WORK ORDER: Reproduce the records below exactly, leaving their images out.

DATA EXTRACTS:

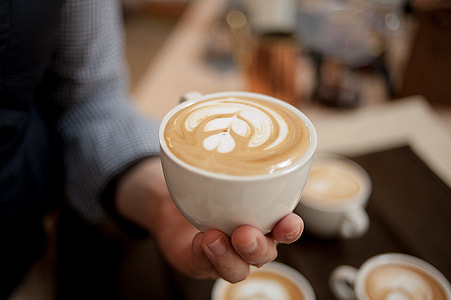 person holding cappuccino-filled teacup thumbnail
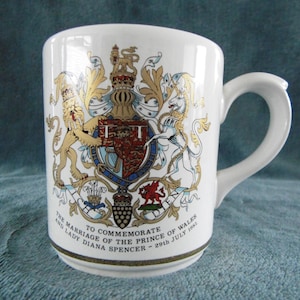 May include: White ceramic mug with a gold and colorful coat of arms featuring a lion and unicorn. The text reads "To commemorate the marriage of the Prince of Wales and Lady Diana Spencer - 29th July 1981."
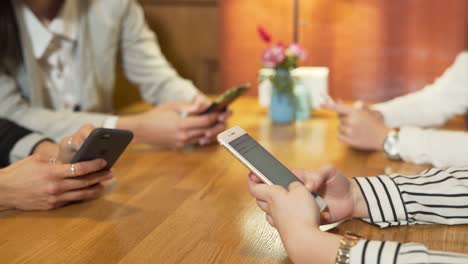 close-up of girls' hands typing messages on smartphones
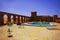 Moment of relaxation in a hotel swimming pool amids moroccan desert, with sand dunes on the horizon.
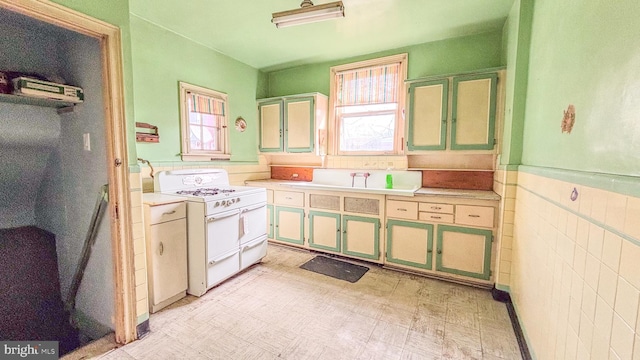 kitchen featuring a wainscoted wall, double oven range, plenty of natural light, and light floors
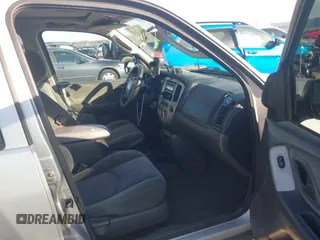 2003 Mazda Tribute LX with VIN 4F2YZ04183KM44733, listed as a IAAI auction lot 41472662 with 246,522 mi miles and . Bid and sale history available at DreamBid. Image 5.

ANSWER:
 person holding cappuccino-filled teacup thumbnail
 May include: White ceramic mug with a gold and colorful coat of arms featuring a lion and unicorn. The text reads "To commemorate the marriage of the Prince of Wales and Lady Diana Spencer - 29th July 1981."
 close-up of girls' hands typing messages on smartphones
 Moment of relaxation in a hotel swimming pool amids moroccan desert, with sand dunes on the horizon.
 kitchen featuring a wainscoted wall, double oven range, plenty of natural light, and light floors
 2003 Mazda Tribute LX with VIN 4F2YZ04183KM44733, listed as a IAAI auction lot 41472662 with 246,522 mi miles and . Bid and sale history available at DreamBid. Image 5.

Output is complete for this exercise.